# CMI repelling ring shot



## Hueman (Mar 21, 2011)

Ok, so my dad used to do allot of repelling. And some of his gear is just laying around. I saw a particular item that is quite useful for controllably descending a rope (This is it CMI 8"). But I didn't see it for that purpose. Nope, I saw a slingshot. I think it turned out quite nice, but wanted to know what suggestions you guys might have?

Cheers


----------



## wd40 (Jul 19, 2010)

Hey, I like that, Hueman. It did turn out quit nice.

That through-the-fork attachment like you're using has regained a whole lot of popularity in the last little bit. I believe that's in large part to the universal fork design of Bill Hays. No hand slap is a good thing.

If that were mine, I'd go ahead and remove the top of the ring, just above the attachments on each side, giving it the more traditional slingshot look.

And then for your hold, try bracing the sides of the forks with your thumb and forefinger and just holding the handle with your middle, ring, and pinky fingers. That way seems to be a better grip for me and it lets me brace the slingshot better than a hammer grip.

You don't need many suggestions really. You appear to have made yourself a good shooter.

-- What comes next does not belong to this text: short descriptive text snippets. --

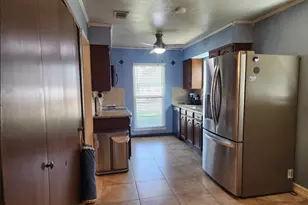 1918 Lewis Trail, Grand Prairie, TX 75052 - Photo 4
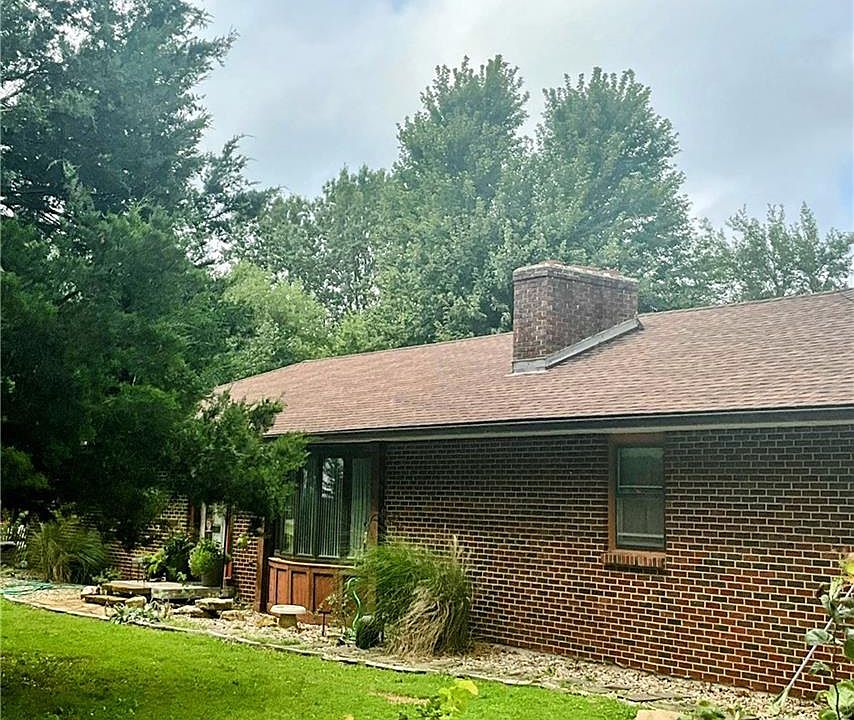 1st image of 23719 Tonganoxie Dr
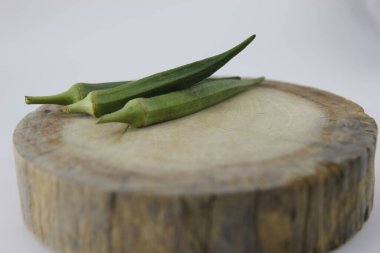 Tahta kesme tahtasına yerleştirilmiş bamya..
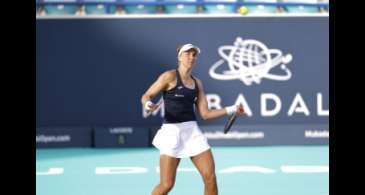 Bia Haddad sai atrás, mas vira em estreia no WTA 500 de Abu Dhabi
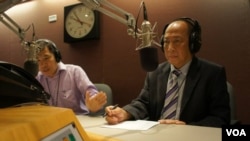 Mam Sonando on the Khmer Service's "Hello VOA," answering questions from listeners. 
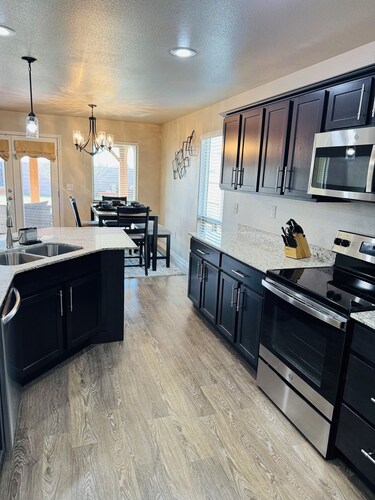 Charming 3-bedroom house with AC, WiFi in tranquil Hobbs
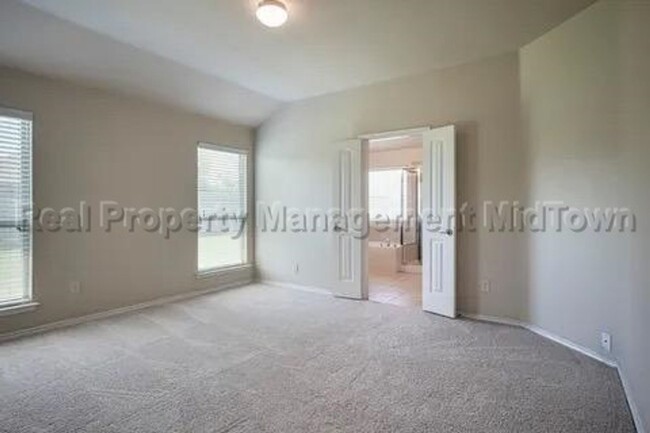 Building Photo - Charming Newer Home Master-planned communi...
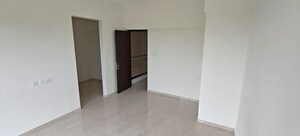 Room in 4 BHK Apartment at Kolte Life Republic Lakefront Residences, Hinjewadi – for Rent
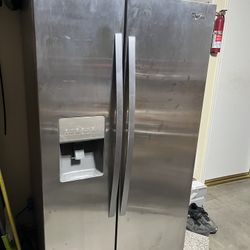 Refrigerator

I hope you stick with us here on the Forum. It's nice to have you. This is the place for everything pertaining to slingshots.

WD40


----------



## Hueman (Mar 21, 2011)

wd40 said:


> If that were mine, I'd go ahead and remove the top of the ring, just above the attachments, on each side, giving it the more traditional slingshot look.


Yes, I thought of that. But since its my dad's and costs $30+ I didn't want to hack into it to much.








But I do agree.


----------



## builderofstuff (Feb 14, 2011)

man that is really cool! awesome idea.

Chris


----------



## Hueman (Mar 21, 2011)

builderofstuff said:


> man that is really cool! awesome idea.
> 
> Chris


Thank you!


----------



## pelleteer (Dec 19, 2009)

Excellent idea. I dig it!







Here's a link to the product in question: CMI Rescue Ring. A bit rich for my wallet but excedingly cool nonetheless. There's also this one that's a bit smaller and cheaper, though it lacks the little side lugs for easy rubber attachment.. I'm thinking chopping the top of the ring off of the smaller one, rounding the ends, and mounting the bands OTT might work nicely.


----------



## e~shot (Jun 3, 2010)

Great Idea, looks cool. Hope you can get a good accuracy


----------



## Dennis the Menace (Mar 9, 2011)

Hello Hueman, although the shape of a closed round slingshot, there is a good reason most slingshots aren't closed at the top. The ones that do, are mostly used for arrows, or are built with a rolling mechanism to keep it in the most preferred angle. I would strongly advise to take off the top half of the ring to minimize the chance of fork hit. Eventually you will hit it resulting in risky situations. Seeing my topic "Carabiner Slingshot" and maybe some of JoergS slowmotion movies can be helpful to learn about the path your ammo follows (and most importantly: the positioning of a slingshot when releasing the pouch.)
Just for your safety. Until that, be sure to keep the camera rolling.


----------



## dragonmaster (Dec 24, 2009)

I like it wouldn't change a thing. Part of the fun is using everyday things that are around us. You have a good eye in finding this one.


----------



## TastelikeSnozberries (Jul 16, 2010)

I really like it, it reminds me of one of the milbro recast of the scope slingshot, I wouldn't change a thing


----------



## Hueman (Mar 21, 2011)

Dennis the Menace said:


> Hello Hueman, although the shape of a closed round slingshot, there is a good reason most slingshots aren't closed at the top. The ones that do, are mostly used for arrows, or are built with a rolling mechanism to keep it in the most preferred angle. I would strongly advise to take off the top half of the ring to minimize the chance of fork hit. Eventually you will hit it resulting in risky situations. Seeing my topic "Carabiner Slingshot" and maybe some of JoergS slowmotion movies can be helpful to learn about the path your ammo follows (and most importantly: the positioning of a slingshot when releasing the pouch.)
> Just for your safety. Until that, be sure to keep the camera rolling.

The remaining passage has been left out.